Her father, Paul, a commercial electrician, took a natural interest in her work.
“I’d come home and need school supplies and he’d take me to Canadian Tire for tape measures and glue sticks. It’s like I became the son he never had,” said Evans, who has two sisters.
She completed the Advanced Interior Design program in 1991, when there were few women on construction sites.
“I was involved in some of the more technical aspects of project management and having a young woman come in and start telling people what to do, some people didn’t like that. They wouldn’t take me seriously,” she said.
Undeterred, Evans founded Whistler Interior Design Ltd. in 1996, and a second business, Northface Kitchens & Bath, in 2006. She has earned Registered Interior Designer (RID) and Certified Master Kitchen and Bath Design (CMKBD) professional designations.
Evans said she has many international clients simply because they came to her. Globetrotting financial executives with homes around the world fly in to drop the family off in Whistler for skiing while they continue on to New York or London for business.
“They’re always flying into Whistler,” she said. “I have a client who’s a baron in Scotland and he has five or six homes. His other designer works for Mick Jagger.”
Having such a client base creates some unique opportunities. She once completed a custom-designed home in the Cayman Islands without ever leaving her Whistler, B.C. office. The $2-million project took three months to complete and was coordinated entirely online, with everything in the house shipped to the Caribbean through Miami.
“We’ve set up ways to work through the Internet,” Evans said. “Clients are able to log in to view and approve all their specs online.”

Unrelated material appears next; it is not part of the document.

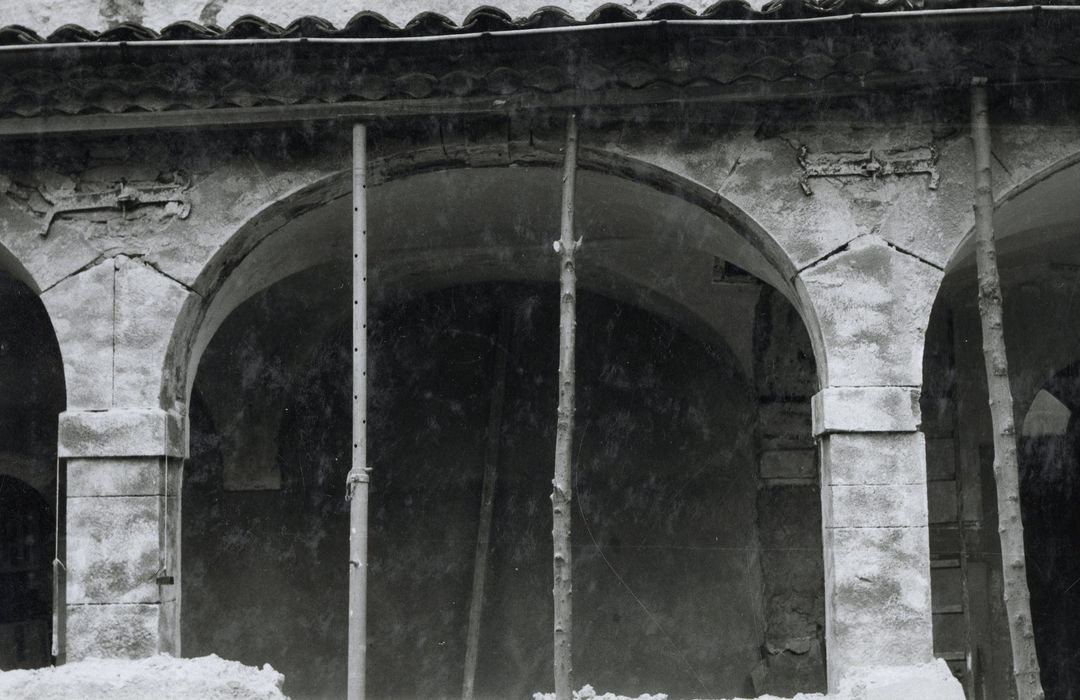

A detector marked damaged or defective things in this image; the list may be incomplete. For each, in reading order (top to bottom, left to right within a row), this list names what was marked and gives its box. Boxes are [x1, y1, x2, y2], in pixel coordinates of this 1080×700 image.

Being at the forefront of online technology has created flexibility in both projects and staffing.
“I have two people in PEI who have been working for me for six years, and we’re about to hire someone from the Philippines,” she said. “Everything is online. We all log in and work through the Internet.”
Evans recently received Built Green certification from the Canadian Home Builders’ Association. In addition to lower energy consumption, Evans said building green also means creating ways to reuse materials. Perfectly good televisions, furniture and other items clients sometimes dispose of during renovations are donated to women’s shelters and schools.
The athletes’ village at the Vancouver 2010 Olympics was designed with minimal waste in mind, so the buildings could be renovated quickly and sold locally as townhouses.
This fall, Evans will participate in her fourth trade mission to Italy, where she meets artisans, tours manufacturing facilities and returns with new product options she can offer her clients.
Like many who have left Cape Breton, Evans said she thinks about returning. She is considering land in Dundee and could enjoy extended visits back home by working online.
“They say our biggest export is brains, but people who move away have a connection that draws them back, and you don’t get that everywhere. There’s something really special about it. We just grow up well and happy and with that connection to home.”